Quelle vie dans les grands fonds marins ?

Marjolaine Matabos, Chercheuse à l'Ifremer

L’océan est l’environnement le plus vaste de la planète. Il recouvre les trois quarts de la Terre, et apparait comme un vaste étendu d’eau visible du ciel. Mais ce que l’on ne voit pas c’est que cet océan recèle des paysages incroyablement diversifiés et complexes, invisibles à nos yeux.

1. Définition de l’océan profond

Avant de faire un tour de ces paysages, qu’est-ce que l’océan profond ? Aujourd’hui on retrouve deux définitions.

Une première est celle des plus ou moins 200 m en fonction de la teneur en particules des eaux de surface. Au-delà de cette profondeur les ondes lumineuses nécessaires à la photosynthèse ne pénètrent plus et les végétaux (algues ou plantes) ne peuvent donc plus se développer. La vie y dépend donc de la matière qui sédimente depuis la surface.
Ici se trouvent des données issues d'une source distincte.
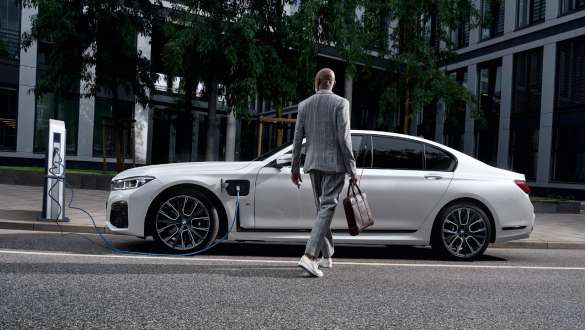 BMW 745e Sedan plug-in hybrid G11 G12 Mineral White metallic side view at charging point BMW 745e Sedan plug-in hybrid G11 G12 Mineral White metallic side view in front of charging point with model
Une deuxième définition retient la limite de 1000 m. La zone entre 200 et 1000 m est appelée zone mésopélagique, ou encore crépusculaire, c’est la zone à l’orée de l’obscurité. Il n’y a pas suffisamment de lumière pour permettre la production d’énergie par photosynthèse mais suffisamment pour permettre aux organismes d’utiliser la vision pour la recherche de proie. Au-delà de 1000 m on entre dans la zone bathypélagique, zone qui s’étend jusqu’à 3800 m, la profondeur moyenne de nos océans.  Puis, au-delà nous entrons dans la zone abyssopélagique, les abysses à proprement parler. Celles-ci s’étendent jusqu’aux fosses océaniques, appelées zone hadale, qui peuvent atteindre 11 000 m de fond pour la plus profonde, la fosse des Mariannes dans le Pacifique.

Ces grands fonds couvrent au total presque 66% de la planète, et si on prend en compte l’aspect tridimensionnel du milieu, donc toute la colonne d’eau depuis la zone mésopélagique jusqu’aux fosses, il représente en fait 95% du volume de la biosphère, c’est-à-dire du volume habitable de la planète.
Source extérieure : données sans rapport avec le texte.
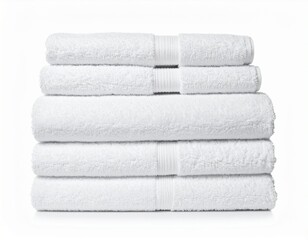 stacked pile of soft, fluffy white towels isolated on white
2. Conditions de vie dans l’océan profond

Les conditions de vie y sont particulières. Théodore Monod a dit des abysses « Il fait noir, il fait froid, il fait profond, il fait faim ». C’est un très bon résume des conditions de vie auxquelles ont dû s’adapter la multitude d’espèces qui ont colonisé ces environnements. Nous avons vu qu’au-delà de 1000 m c’est l’obscurité totale. Les grands fonds sont tapissés d’une masse d’eau froide, dont la température va varier entre 0° et 4°C avec peu ou pas de variations saisonnières. La profondeur implique des contraintes en termes de pression qui augmente d’un bar tous les 10 m. Ainsi la pression dans les abysses est 100 à 1000 fois plus forte qu’à la surface. Enfin, la matière organique produite en surface par photosynthèse est consommée ou reminéralisée lors de sa descente. Donc plus on est profond, plus la nourriture se fait rare. Les espèces ont donc dû développer des stratégies pour optimiser la recherche des proies, telle que la bioluminescence.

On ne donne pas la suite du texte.